METHODS: A total of 115 patients with liver injury of unknown reasons were enrolled in this study. The biochemical and immunological features, as well as virus markers, abdominal imaging findings and hepatic histopathology were analyzed.
RESULTS: A definite diagnosis was achieved by liver biopsy in 109 patients.

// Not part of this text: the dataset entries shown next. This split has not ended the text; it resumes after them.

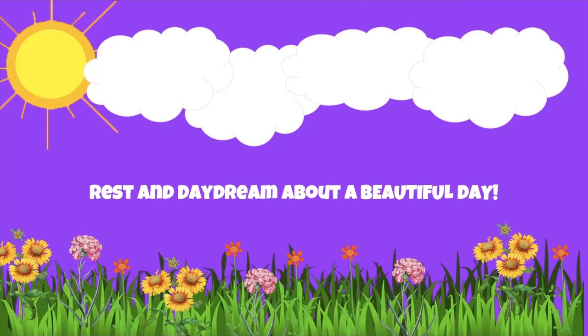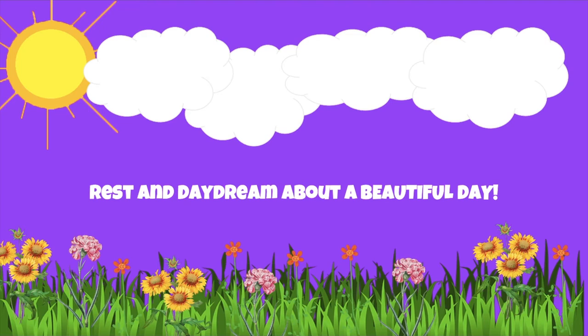See the world in green and blue, see China right in front of you, see the canyons broken by cloud. See the tuna fleets clearing the sea out, see Bedouin fires at night, see the heart at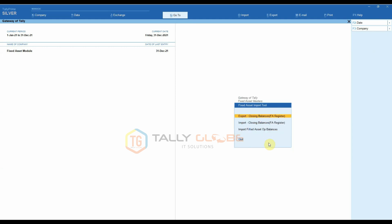Fixed Asset Import Tool. This option allows the user to import all the fixed asset details in one go from Excel, instead of entering all the individual fixed assets manually. The user will also be able to export the closing balance of the fixed assets and import it as the opening balance, if necessary.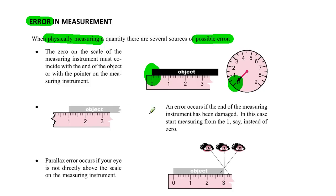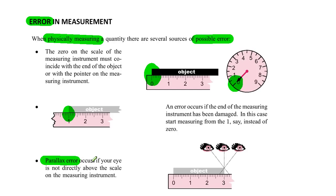A second possible error is when the end of the measuring instrument has been damaged. In that case we can't go to zero, so we go to one and we've got to be careful to subtract one from the final answer. The last one is parallax error, which occurs when we look at an object from different angles. You really need to be directly above the number to see it clearly and minimize errors.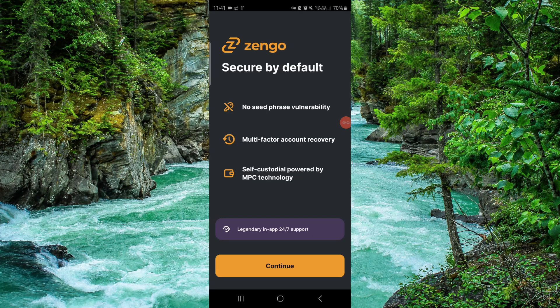Welcome back to my channel. In today's video, I will show you how to delete, remove, or uninstall the Zendo app. So let's get started — to do that you have to follow these easy steps.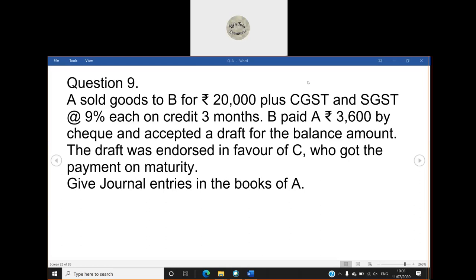Question number 9, endorsement with GST. A sold goods to B for ₹20,000 plus CGST and SGST at 9% each on credit for 3 months. B paid A ₹3,600 by check and accepted a draft for the balance amount. The draft was endorsed in favor of C, who got the payment on maturity. Give journal entries in the books of A.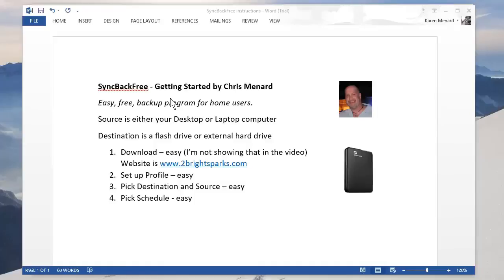Hello, this is Chris Menard. I'm going to show you how to use SyncBack, which is a free program for home users, so they can easily back up their desktop or laptop hard drive to an external hard drive or a flash drive.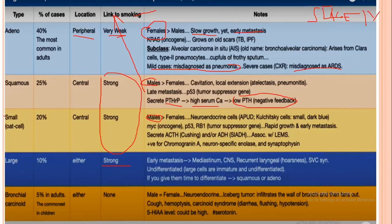For small cell lung cancer, it grows rapidly and metastasizes early. It also secretes antidiuretic hormone, causing complications. It is associated with Lambert-Eaton myasthenic syndrome — the decreased acetylcholine release causes muscle weakness in the patient.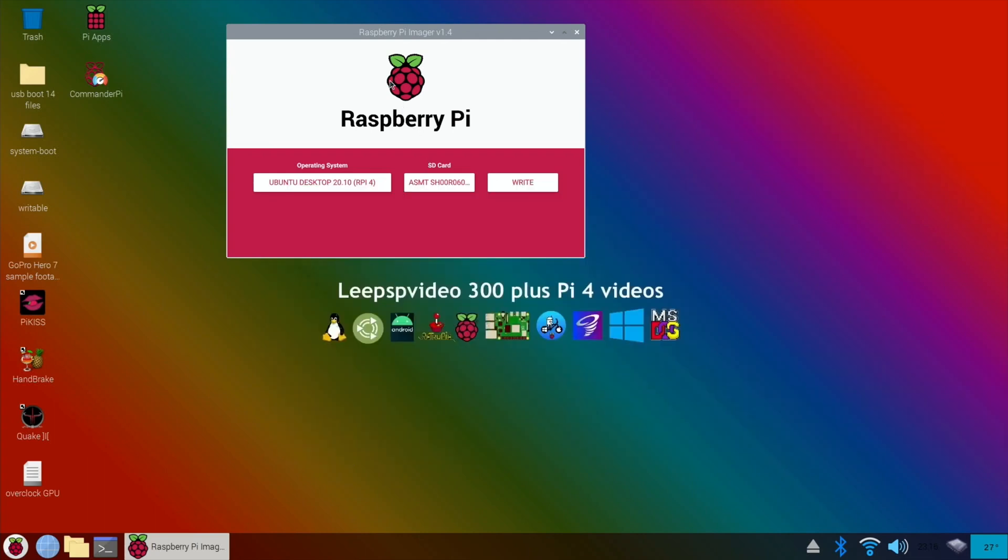It's as simple as that. USB boot, 64-bit Ubuntu. I hope all this helps. Thanks very much for watching. Please like and subscribe.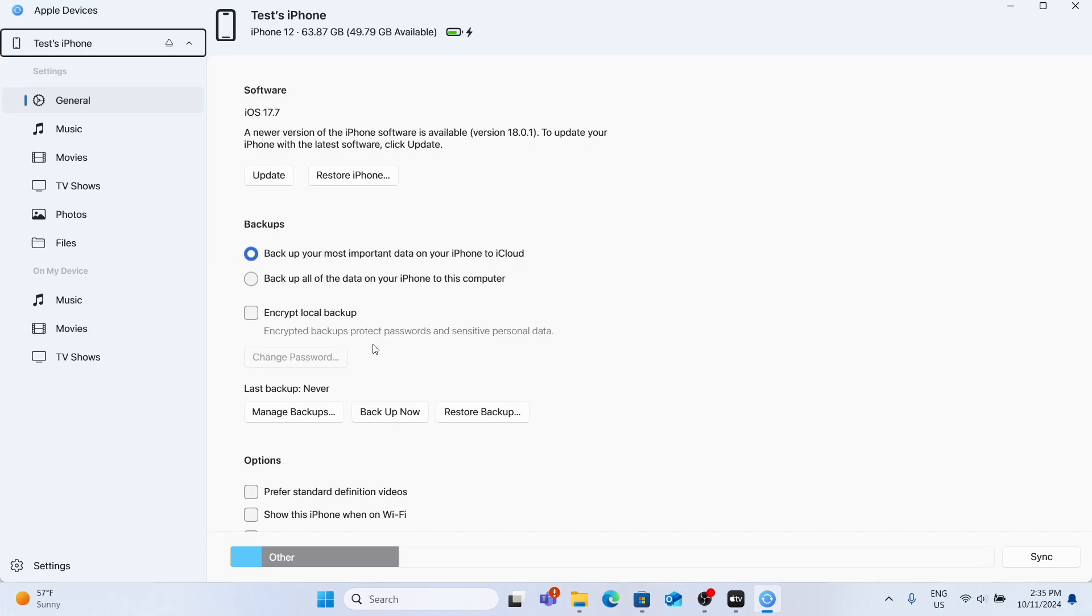Hello, in this video I'm going to show you how to sync your device to Apple devices app on your Windows PC.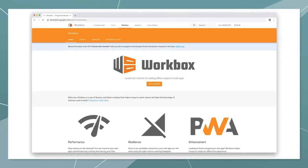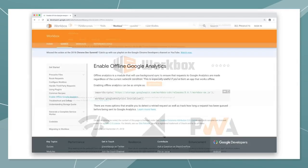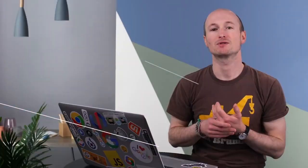Introducing Workbox. Workbox is a set of JavaScript libraries for adding offline support to web apps. The cool thing about Workbox is that you can mix it with your own service worker code. So, for example, you can use your own network strategies but rely on Workbox for offline analytics. To use Workbox's offline analytics support, you just need two lines of code. Include the library and initialize the module. Let's have a look at how this works in practice.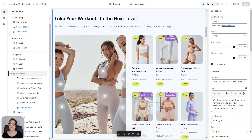Hello everyone and welcome to this Aurora theme tutorial. In this video I'll show you how to create a lookbook for your Shopify store, but first I'm going to show you some examples of what you can create with the Aurora theme.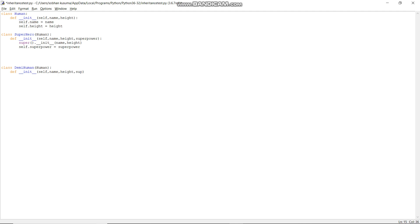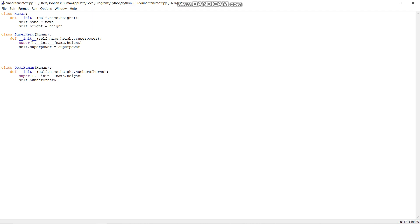The DemiHuman class has name, height, and number of horns. Here I'm calling the Human class constructor, sending name and height to it, and then setting self dot number_of_horns equal to number_of_horns.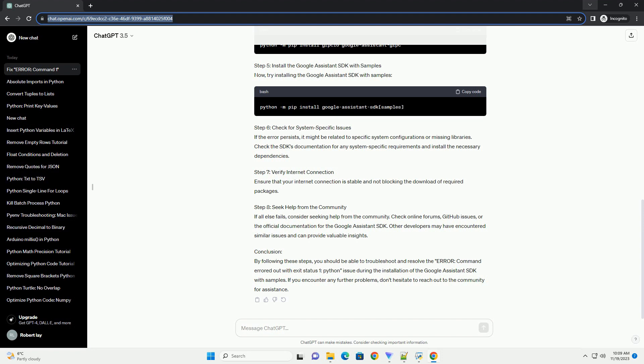Step 7: Verify Internet Connection. Ensure that your internet connection is stable and not blocking the download of required packages.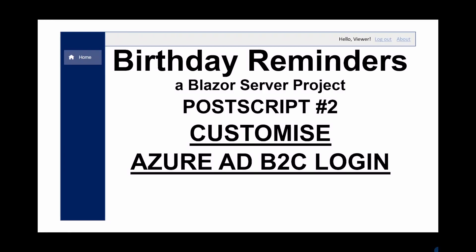Welcome to this video in the Birthday Reminders project series. This is my second postscript video and in this I look at the possibility of customizing the Azure B2C login.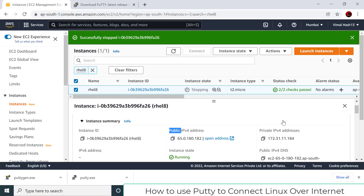PuTTY is an industry standard tool — there are hundreds of different tools available in the market to connect, but PuTTY is the most commonly used standard tool. I thought you should know how to use PuTTY to connect to a Linux instance. All the best — try these demos. Bye, take care.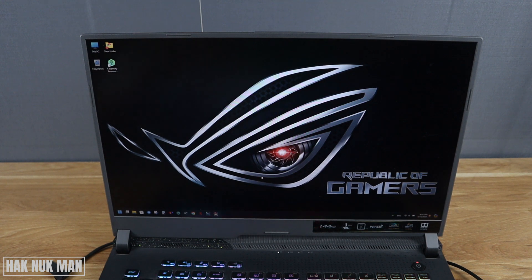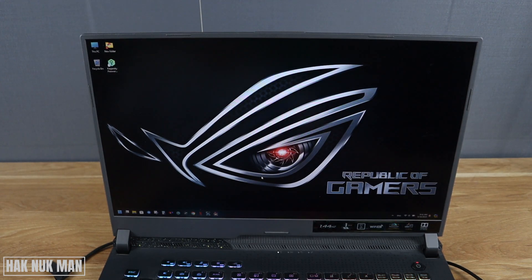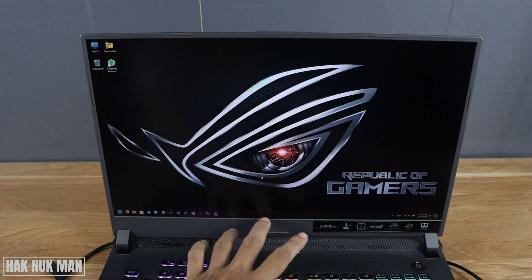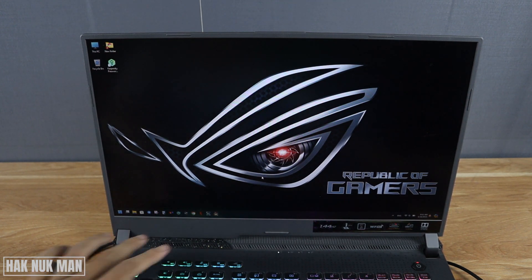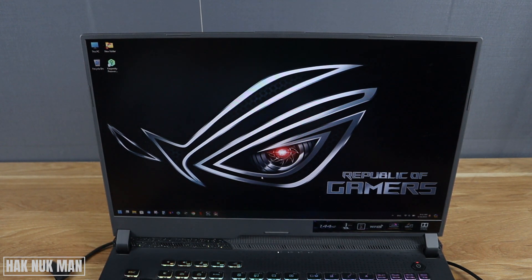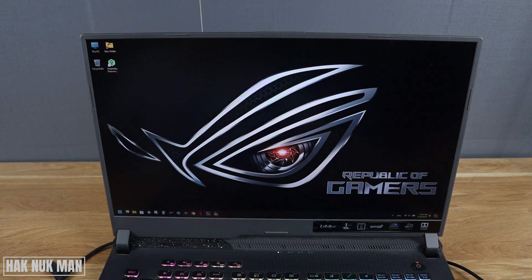Good evening everyone. In today's video I'm going to show you how to pin any app on your Windows taskbar. This is Windows 11, and for Windows 10 I think it uses the same method.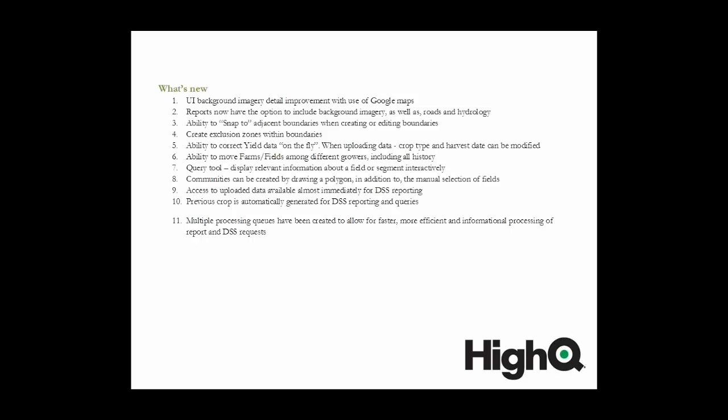And one of the bigger new features we've added is the ability to create communities by drawing a polygon, rather than having to select individual fields and farms to add to a community. It just makes things much easier when you're creating a community, and also geographically it's a lot easier to just draw a polygon around a specific area.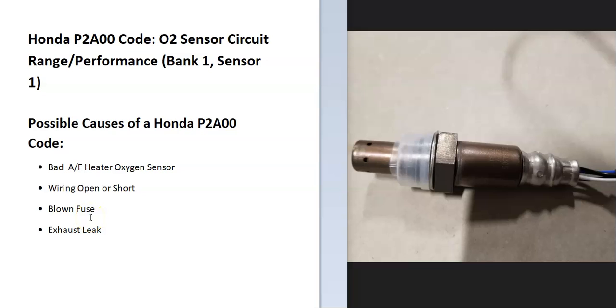Today I'll talk about a Honda with the P2A00 code, what it is, and how you go about fixing it. The Honda P2A00 code is an O2 sensor circuit range performance, bank one, sensor one.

Among them, 38 were diagnosed with primary biliary cirrhosis (PBC), and the main pathological feature was non-suppurative inflammation in the bile duct; 31 with autoimmune hepatitis (AIH), which showed obvious interface inflammation in liver tissue; 27 with nonalcoholic fatty liver disease (NAFLD), which showed visible hepatic steatosis and ballooning degeneration; 4 with occult hepatitis B, which presented with portal inflammation and infiltration of lymphocytes and were positive for HBcAg and/or HBsAg as revealed by immunohistochemistry; 2 with hepatic amyloidosis, which showed a lot of eosin amyloid deposits reactive with Congo red in liver cells and blood sinus; 2 with hemochromatosis, which showed obvious iron pigment deposition in liver cells; 2 with glycogen storage disease, which showed extensive hyaline degeneration in hepatic cells and was positive for Dpas; 1 with schistosomiasis with schistosome eggs detected microscopically; 1 with toxoplasmosis, and electron microscopy revealed Toxoplasma gondii rhoptry; 1 with Dubin-Johnson syndrome, which showed thick, dark brown pigment particles in liver cells. There were still 6 cases in whom a definite diagnosis could not be achieved after liver biopsy.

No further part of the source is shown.